Task directions:
Return only the lines of the data below from the line with "Governo lamenta vítima" up to and including the line with "Tract 4 Dogwood", exactly as written, with the pictures omitted.

Given records:
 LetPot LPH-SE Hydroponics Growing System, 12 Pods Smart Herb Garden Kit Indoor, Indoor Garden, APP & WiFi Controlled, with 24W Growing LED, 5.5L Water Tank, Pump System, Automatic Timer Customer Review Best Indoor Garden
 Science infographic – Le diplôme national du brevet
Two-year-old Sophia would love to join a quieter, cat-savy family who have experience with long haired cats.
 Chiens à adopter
--
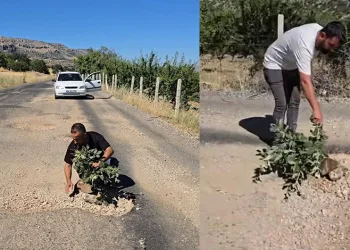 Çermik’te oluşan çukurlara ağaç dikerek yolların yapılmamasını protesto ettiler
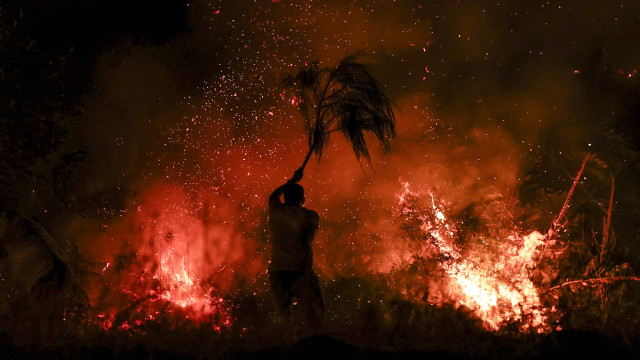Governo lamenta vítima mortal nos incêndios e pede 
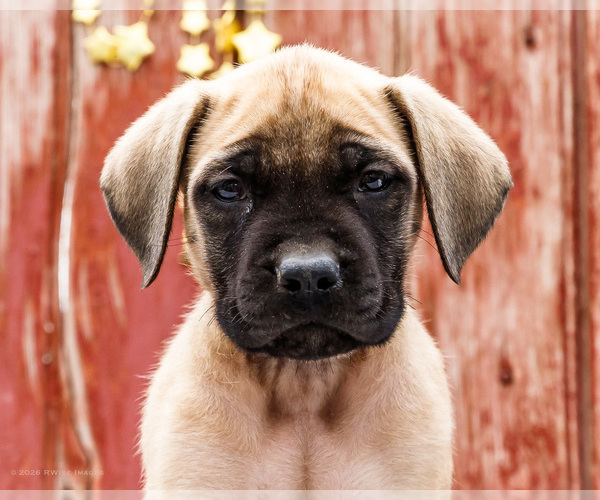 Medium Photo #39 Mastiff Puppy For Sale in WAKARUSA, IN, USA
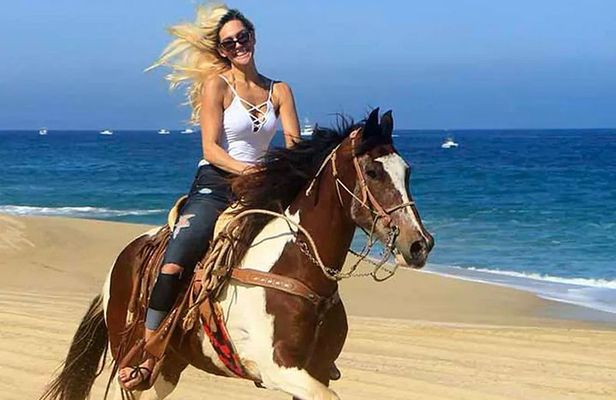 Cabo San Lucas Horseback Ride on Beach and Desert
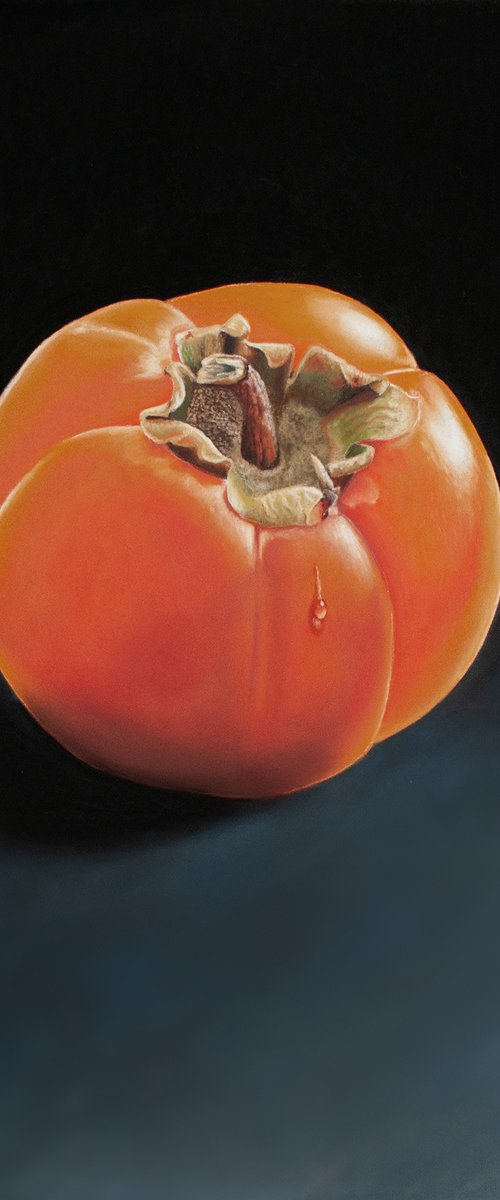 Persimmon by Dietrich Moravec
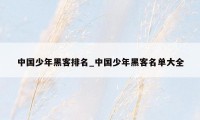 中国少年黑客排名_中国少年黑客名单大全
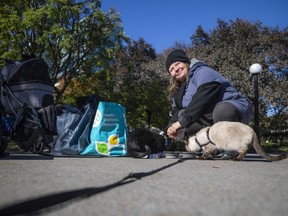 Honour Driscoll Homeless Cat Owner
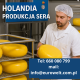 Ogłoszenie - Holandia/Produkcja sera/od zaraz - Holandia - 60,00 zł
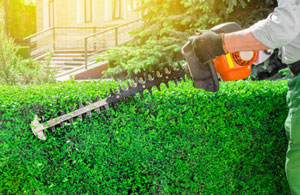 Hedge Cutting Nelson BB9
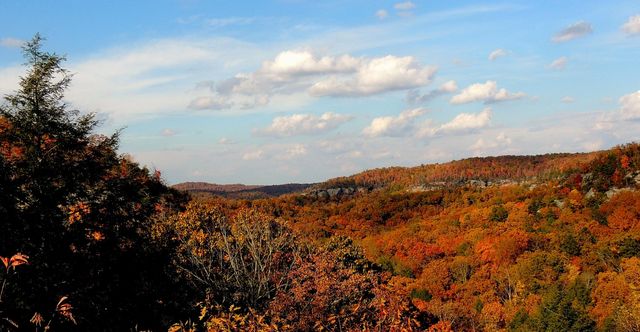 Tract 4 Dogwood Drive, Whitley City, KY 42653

Result below:
Governo lamenta vítima mortal nos incêndios e pede 
 Medium Photo #39 Mastiff Puppy For Sale in WAKARUSA, IN, USA
 Cabo San Lucas Horseback Ride on Beach and Desert
 Persimmon by Dietrich Moravec
 中国少年黑客排名_中国少年黑客名单大全
 Honour Driscoll Homeless Cat Owner
 Ogłoszenie - Holandia/Produkcja sera/od zaraz - Holandia - 60,00 zł
 Hedge Cutting Nelson BB9
 Tract 4 Dogwood Drive, Whitley City, KY 42653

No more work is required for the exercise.